I recently started helping out with a youth program and co-lead one of the groups for female teens. These small groups not only provide the teens with community but me as well. I’ve discovered there is a lot that I can learn from them as well as ways I can give of myself, such as sharing knowledge learned from my own life experiences, trying to be a loving presence, providing a listening ear, and offering unconditional love.
That’s just one example. You could do everything from helping out at a soup kitchen to becoming a volunteer firefighter to mentoring a child through the Big Brothers Big Sisters Program.
2. Sports or Activities.
I used to play ultimate frisbee with a co-ed group of young adults.
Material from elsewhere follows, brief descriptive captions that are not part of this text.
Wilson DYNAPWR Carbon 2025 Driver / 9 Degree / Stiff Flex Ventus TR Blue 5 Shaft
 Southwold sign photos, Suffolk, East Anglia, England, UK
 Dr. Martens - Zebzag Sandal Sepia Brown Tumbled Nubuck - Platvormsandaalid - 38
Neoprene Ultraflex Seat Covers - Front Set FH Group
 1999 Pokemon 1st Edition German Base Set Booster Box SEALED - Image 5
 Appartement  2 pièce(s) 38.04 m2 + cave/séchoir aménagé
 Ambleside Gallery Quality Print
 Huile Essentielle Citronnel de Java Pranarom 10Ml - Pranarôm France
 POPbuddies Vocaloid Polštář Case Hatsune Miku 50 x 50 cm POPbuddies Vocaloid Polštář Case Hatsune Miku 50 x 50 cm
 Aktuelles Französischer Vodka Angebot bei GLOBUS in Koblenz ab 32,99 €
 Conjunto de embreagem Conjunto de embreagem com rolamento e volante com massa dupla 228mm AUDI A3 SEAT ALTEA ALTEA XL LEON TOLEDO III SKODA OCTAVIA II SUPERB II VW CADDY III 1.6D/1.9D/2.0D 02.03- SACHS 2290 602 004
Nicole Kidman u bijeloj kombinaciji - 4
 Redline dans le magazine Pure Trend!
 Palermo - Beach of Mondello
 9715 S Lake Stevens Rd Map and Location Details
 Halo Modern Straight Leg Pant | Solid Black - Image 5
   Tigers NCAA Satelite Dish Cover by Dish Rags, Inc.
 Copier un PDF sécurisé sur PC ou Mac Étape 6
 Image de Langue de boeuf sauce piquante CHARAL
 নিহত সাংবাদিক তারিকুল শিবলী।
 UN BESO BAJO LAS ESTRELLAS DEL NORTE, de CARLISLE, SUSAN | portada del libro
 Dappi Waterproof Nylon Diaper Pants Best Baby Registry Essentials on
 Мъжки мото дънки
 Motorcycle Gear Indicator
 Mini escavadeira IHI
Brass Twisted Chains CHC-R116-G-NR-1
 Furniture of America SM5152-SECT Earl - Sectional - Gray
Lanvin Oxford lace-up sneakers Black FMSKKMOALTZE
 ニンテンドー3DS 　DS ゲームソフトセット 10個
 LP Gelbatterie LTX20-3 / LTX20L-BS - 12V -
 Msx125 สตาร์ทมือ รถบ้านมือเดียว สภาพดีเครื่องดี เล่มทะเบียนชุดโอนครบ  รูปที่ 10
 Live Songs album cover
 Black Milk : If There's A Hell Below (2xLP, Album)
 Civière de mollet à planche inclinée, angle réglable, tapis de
This was a great way to have fun while also being together with others and at times having good conversations, such as during breaks or if going out to eat afterwards. Interacting with the opposite sex could also provide opportunities for growth in friendships…and maybe eventually something more!
3. Fellowship Groups.
I belong to a couple of faith-based Women’s Groups. There is so much we can learn from one another that can help us to grow, but also remind us that we are not alone in our struggles. It is also encouraging to see that, although we are different, we have much in common and wisdom gained from a particular situation or struggle by one person may end up helping other people. It’s also a good way to grow in vulnerability. I also used to attend a home-based community where different families would get together for music, prayer, discussion, and food. This provided more of a family feel for me at times and allowed me to witness amazing families and get a better idea of how I’d like to raise a family someday.
If you have ever suffered from a serious addiction, you could find a fellowship group that helps you to stay on the path of healing and experience the support of people who know your struggles. For instance, a lot of people find great support in places like Alcoholics Anonymous, Narcotics Anonymous, and Celebrate Recovery.
Worshipping God with other people, as well as getting involved in other ministries at church, provide opportunities to give of oneself, as well as to be a part of both a larger and smaller community.
I don’t see my co-workers that often since I drive around to people’s homes to work as an occupational therapist with the older population but I do have meetings and phone calls with my co-workers to ask advice or discuss a patient. There are also opportunities to give and receive love in some of the homes I’ve visited. Instead of thinking about our work as just a job to clock in and out of, what if we thought of it as a way to help others?
6. Spending Time with Family & Friends.
Getting together with friends or relatives for a movie, a meal, reunions, vacations, parties, or getting together just to enjoy each other’s company and talk can provide opportunities for intimacy, to be known and loved, as well as to share oneself and be a gift to the other.
So, if you’re single like me, it’s okay. We all feel lonely at times, even people in marriage. (Married friends have told me this!) You are not alone with how you feel and you do not have to be alone. There is still good that can be done and love that can be found in the single life. Yes, I need to honor that longing for marriage and family that I have, but in the meantime, my sense of security needs to be found in my relationship with God & His perfect love for me, not hopping into a relationship that may not be best for me. We are all made to love and to be loved and are made for community–and we can find ways to make this happen now outside of marriage.